Special AuthorizationCertain federal and state laws that provide special protections for certain kinds of personal health information call for specific authorizations from you to use or disclose information. When your personal health information falls under these special protections, we will contact you to secure the required authorizations to comply with federal and state laws such as:
¨ Uniform Health Care Information Act (RCW 70.02)
¨ Sexually Transmitted Diseases (RCW 70.24.105)
¨ Drug and Alcohol Abuse Treatment Records (RCW 70.96A.150)
¨ Mental Health Services for Minors (RCW 71.05.390-690)
¨ Communicable and Certain Other Diseases Confidentiality (WAC 246-100-016)
¨ Confidentiality of Alcohol and Drug Abuse Patients (42 CFR Part 2)
If we need your health information for any other reason that has not been described in this notice, we will ask you for your written authorization before using or disclosing any identifiable health information about you. Most important, if you choose to sign an authorization to disclose information, you can revoke that authorization at a later time to stop any future use and disclosure.
Your Individual Rights
You have individual rights over the use and disclosure of your personal health information.
Limit use: You may request in writing that we not use or disclose your information for treatment, payments, and administrative purposes except when specifically authorized by you, when required by law, or in emergency circumstances. We will consider your request but are not legally required to accept it. You will have the opportunity to do this when you sign the Consent for Use and Disclosure of Personal Health Information.

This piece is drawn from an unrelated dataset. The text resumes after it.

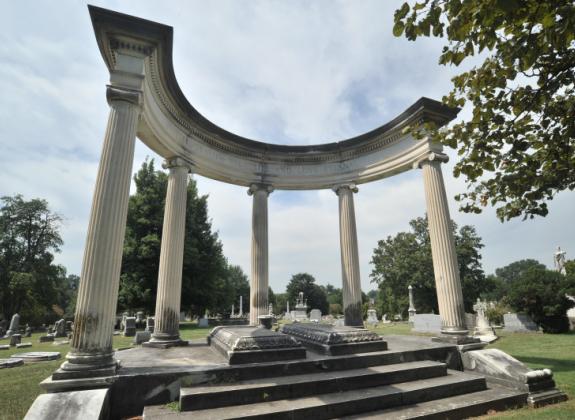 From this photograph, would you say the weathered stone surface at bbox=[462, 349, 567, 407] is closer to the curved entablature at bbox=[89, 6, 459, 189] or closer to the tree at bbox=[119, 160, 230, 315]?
the curved entablature at bbox=[89, 6, 459, 189]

Receive confidential communications: We may call you to confirm an appointment, and leave a message on your voice mail or with another person. You have the right to receive confidential communication by alternative means or locations. This includes an alternative mailing address or an email address. If this is necessary, please let us know.
Inspect and copy: You have the right to look at your health information and review your record of healthcare. Please submit your request to view your record to us in writing. You may request a copy of your health information. Standard copy fees will be assessed.
Request amendments: If you believe that information in your record is incorrect or if important information is missing, you have the right to request in writing that the existing information be amended.
Know about disclosures: You have the right to receive a list of instances where we have disclosed information for reasons other than treatment, payment or health care operations.
Receipt of this notice: You have the right to receive this notice either on paper or electronically. Please let us know if you would like a copy of this notice in another format.
Complaints: If you are concerned that we have violated your privacy, or you disagree with a decision we made about access to your records, you may discuss this with your study coordinator or the Privacy Compliance Officer either in person or by calling our office at 425-251-1720.
If you are not satisfied with the protection your personal health information, you may contact the Secretary of Health and Human Services if you feel your privacy rights have been violated. Rainier Clinical Research Center will not retaliate against a patient for filing a complaint.
When New Uses Are Required
Our Legal Duty: We are required by law to protect the privacy of your information, provide this notice about our information practices, and to follow the information practices that are described in this notice.
Rainier Clinical Research Center reserves the right to change the terms of this notice and to make the new notice provisions effective for all the personal health information that it maintains. We may change our policies at any time but with any significant policy change the new notice will be changed, posted, and distributed to our patients. Also, this notice will be promptly revised and distributed whenever there is a material change to the uses or disclosures, your rights, our legal duties or other privacy practices changes. Any such changes will become effective on the date the revised notice is issued. You may request a copy of this notice from Rainier Clinical Research Center at any time.